- Parein Location in Burma
- Coordinates: 20°33′50″N 93°14′20″E﻿ / ﻿20.56389°N 93.23889°E
- country: Myanmar
- state: Rakhine State
- District: Mrauk-U District
- Township: Mrauk-U Township
- Founded: 1103

Population
- • Ethnicities: Rakhine people
- • Religions: Buddhism
- Time zone: UTC+6.30 (MMT)

= Parein =

Parein (ပရိန်မြို့, /my/) is the former capital of the Parein Dynasty of Arakan from 1103/1106 to 1167 during the Le-Mro period.
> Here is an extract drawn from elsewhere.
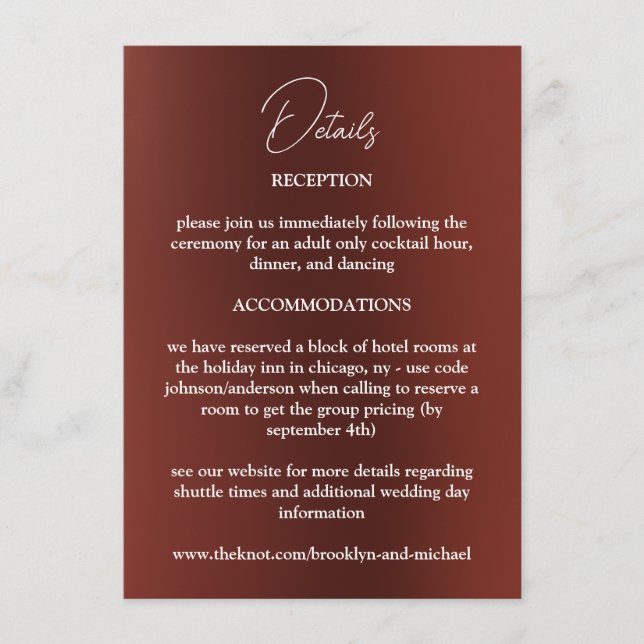 Recepción Tarjeta de cierre de Boda de flores (Anverso)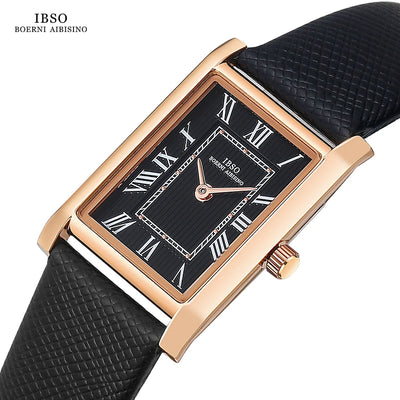 IBSO Ultra-Thin Slim Women Watches Japanese Seiko Movement Y120 Rectangle Dial Genuine Leather Strap 30m Waterproof Women's Gift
The site of the former capital is located a few miles southeast of Mrauk U and north of Launggyet within Mrauk-U Township.

==Geography==

The old city of Parein faces the Lemro River in the east. It has at its back a ridge that run parallel to the Mong-swe ridge between the Kaladan and Lemro Rivers. In the south, Paungdok creek separates Parein from the Launggret. To its north is the Alayzee creek.

==History==

In the eleventh century, the Waithali Kingdom declined, giving way to the Lemro period of Arakanese history. The history of this period is dependent on chronicles which state that the shift in power from the Kaladan valley, where Waithali lies, to the Lemro valley began when the capital was moved to Sambawak and then Pyinsa. Pyinsa developed for a few decades before the capital was, again, moved to Parein. Based on the chronicles, Parein was founded during the reign of the king Letya Min Nan who recovered the usurped throne of his grandfather with the help of Alaungsithu, the king of Bagan.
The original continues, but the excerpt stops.